Still, with one eye on the rear view as I punched the button to raise the garage door, I was thinking what I was going to say to the three largish individuals in light-blue shirts, dark-blue trousers, and thick black vests if they suddenly stopped talking to the Bulgarians, slapped the cuffs on their wrists and the hoods over their heads, and dragged them shrieking into the white SUV.

Time to earn that democratic-socialist street cred, bruh!

So I snapped some quick pix of the SUV, ran the groceries inside, grabbed the binoculars, went back outside, jotted down the deets from the license plate — which was not easy, it being a typically sun-bleached New Mexico plate and barely readable — and just generally made myself real obvious standing there in my driveway three houses down, waiting to see whether I needed to go over there and get my ass kicked for some people I barely know.

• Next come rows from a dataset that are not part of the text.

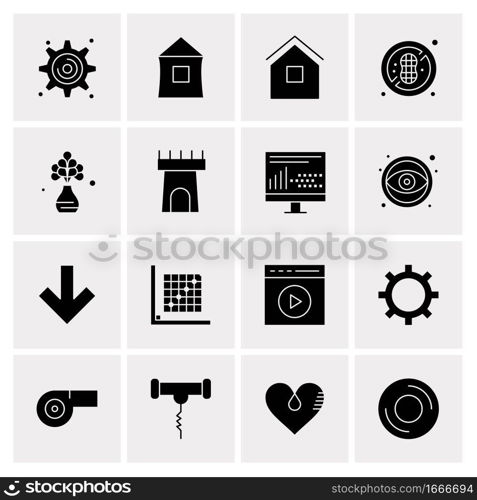 16 Business Universal Icons Vector. Creative Icon Illustration to use in web and Mobile Related project.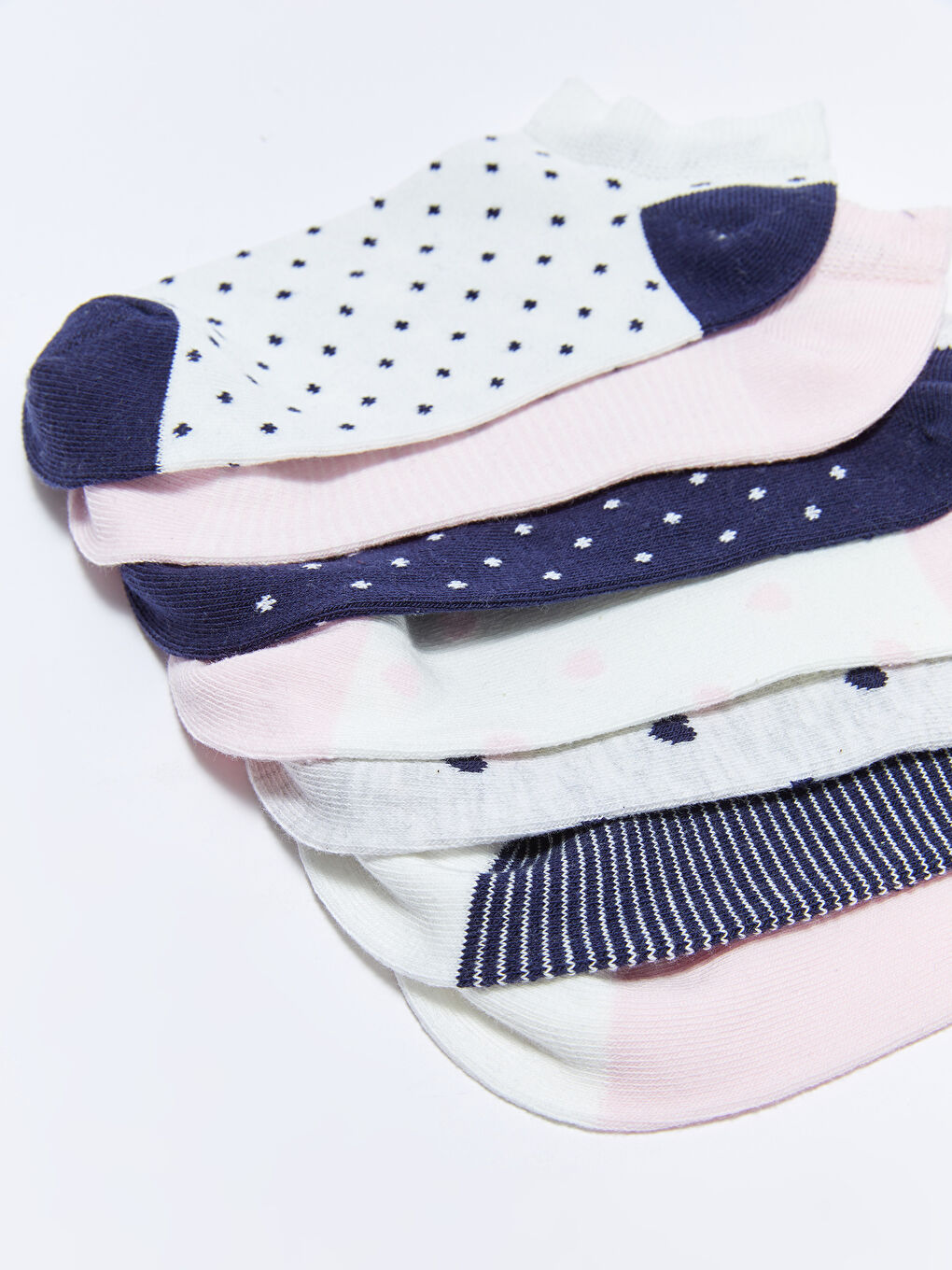 Șosete scurte sport pentru Fete cu model Pachet de 7-2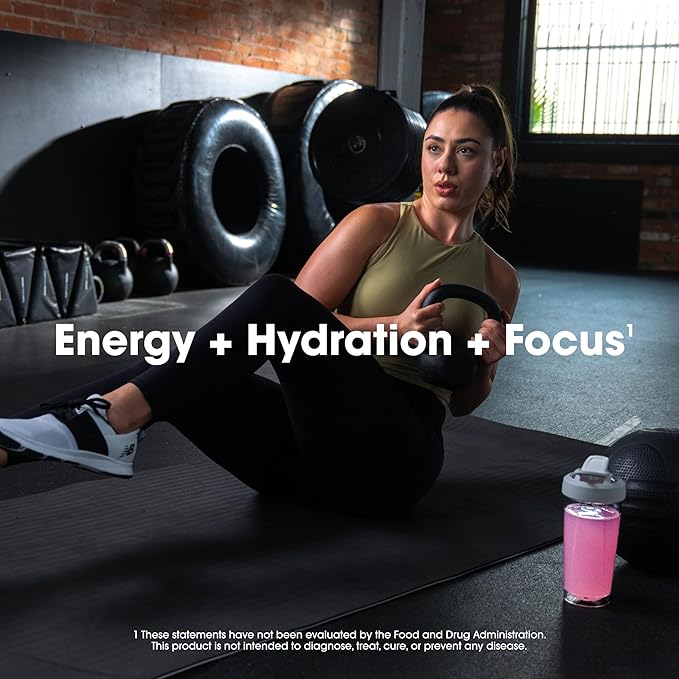 Optimum Nutrition Amino Energy Powder Plus Focus, with BCAA, Electrolytes, and Caffeine, Watermelon, 30 Servings (Packaging May Vary) (Pack of 6)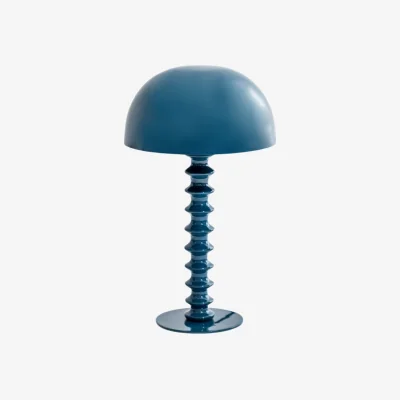Casa by JJ Penny Ribbed Lamp - Indigo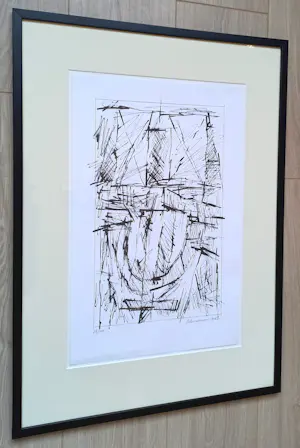 Jan Schoonhoven - Formatie, zeefdruk (netjes ingelijst) kopen? Bied vanaf 195!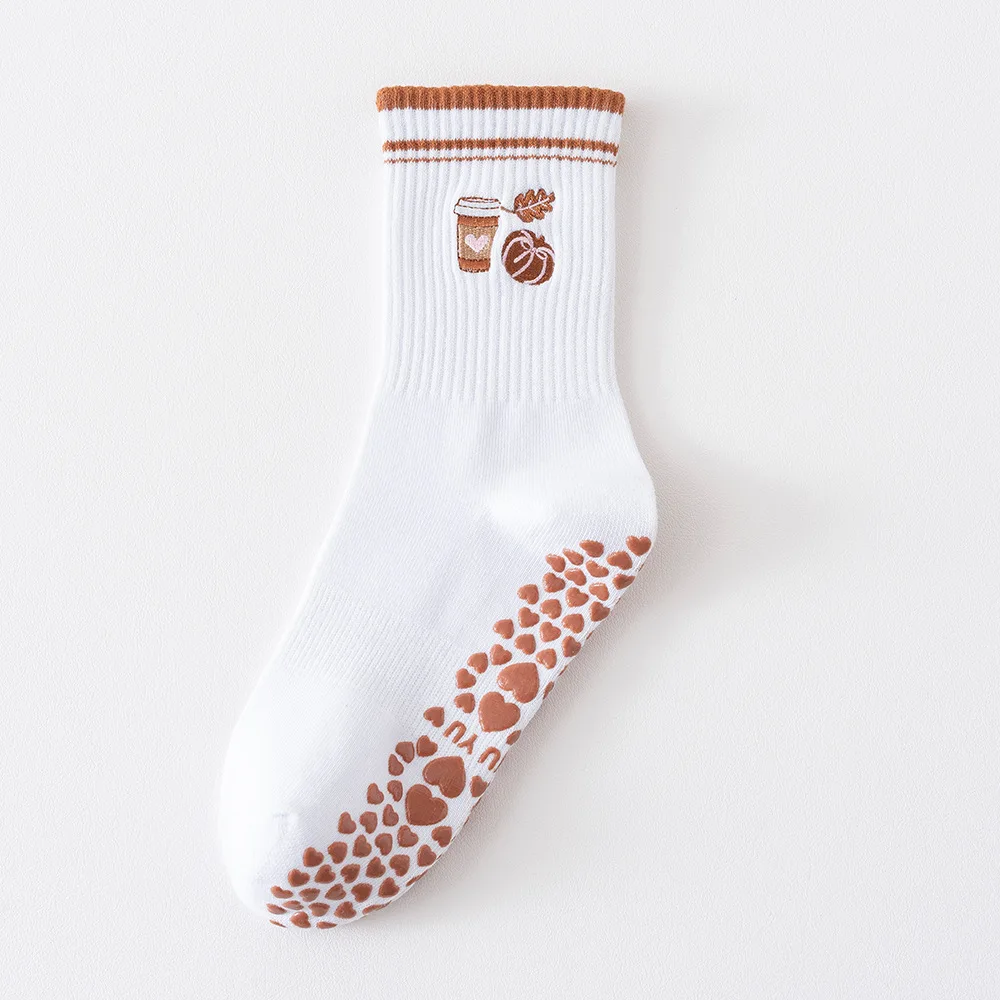 مصنع جوارب اليوغا المهنية جوارب بيلاتيس داخلي المضادة للانزلاق قصيرة أنبوب الطابق الجوارب الرياضية النساء الجوارب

And then the discussion ended without violence and the authorities ambled down the cul-de-sac to the next house over. It was then that I saw, stenciled on the back of one dude’s stout black vest, not “ICE,” but “PSA.”

“PSA?” I mumbled to myself. “Public Service Announcement? Prostate-Specific Antigen? Pi Sigma Alpha?”

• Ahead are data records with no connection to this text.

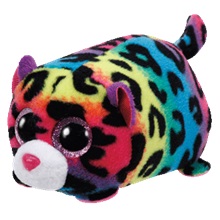 Teeny Tys plüss figura JELLY - sokszínű leopárd (6)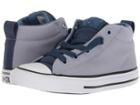 Converse Kids Chuck Taylor All Star Street Mid (little Kid/big Kid) (glacier Grey/navy/white) Boy's Shoes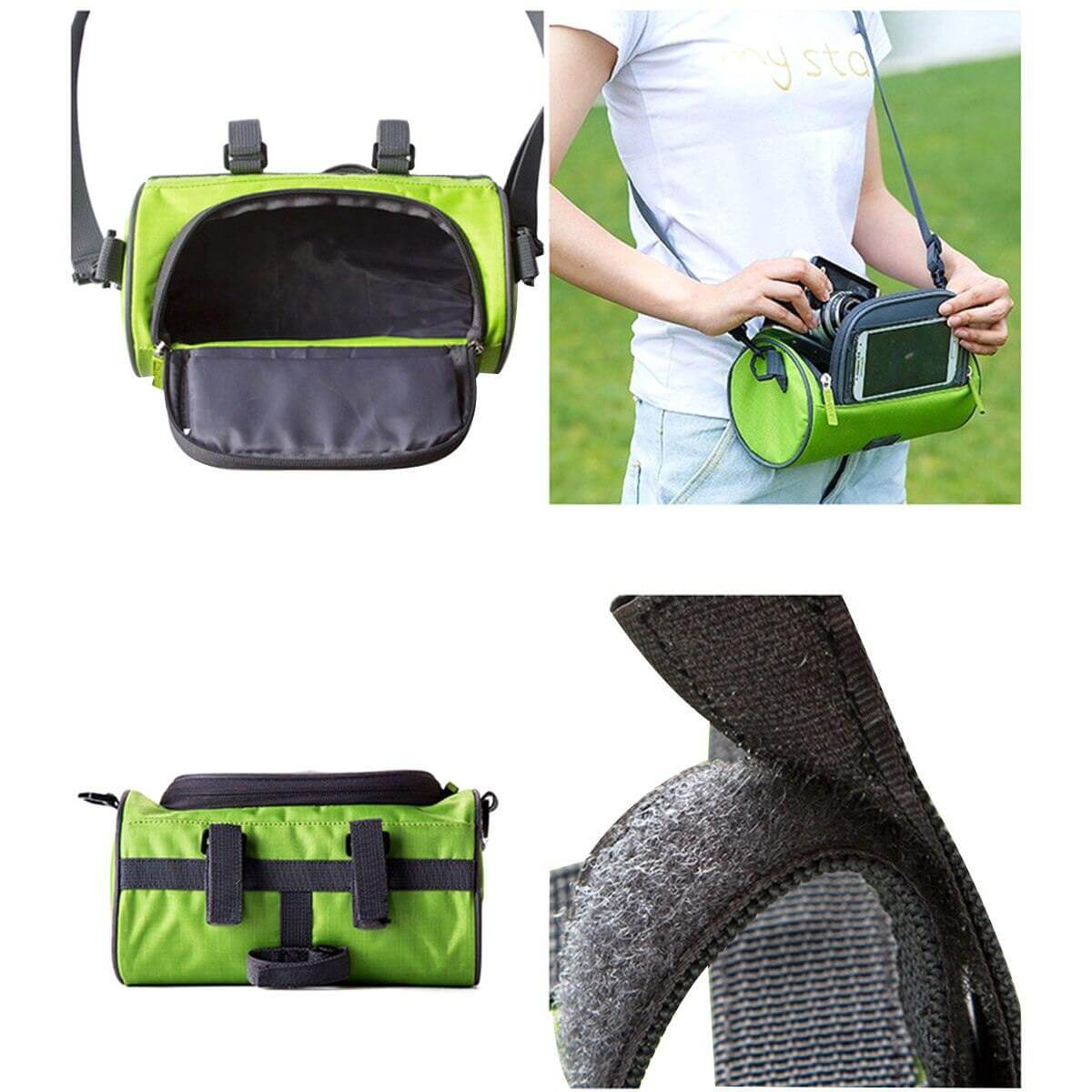 Mountain Bike Transparent Phone Holder Storage Bags - Image 2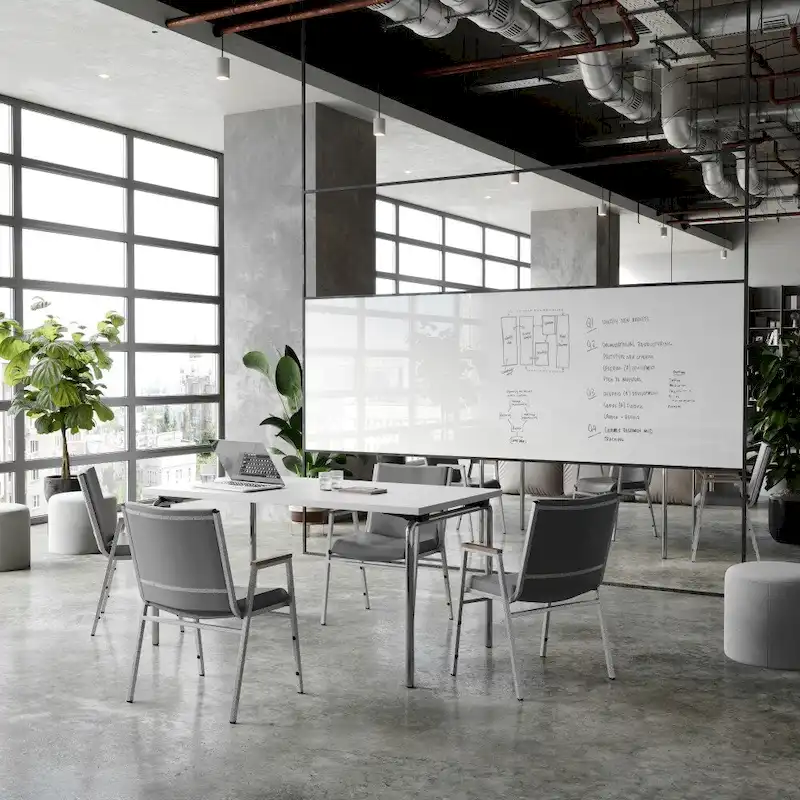 Heavy Duty Stack Chair with Arms - 21D x 21W x 31H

And then it hit me. Police Service Aide. The unarmed crew that helps the Albuquerque Police Department with traffic control, writing reports on property crime, and other low-risk chores while sworn officers focus on scraping the stiffs off the streets.

And as that neighbor stepped out to speak with the PSA posse I recalled that he does have a problem with the Bulgarians, who have kept a broken-down rust-bucket with a right front flat and weeds growing through the engine compartment parked at the curb for the better part of quite some time, and whose functioning vehicles have been known to take up a fair amount of the limited parking in our little cul-de-sac, occasionally blocking his mailbox and/or making it tough to find a spot for the bins on trash-pickup day.

Well … at least he didn’t call the ICEholes on them. He is a Trumper, after all. And I’m not at Alligator Alcatraz, picking worms out of the chow I can’t eat with my jaw wired shut.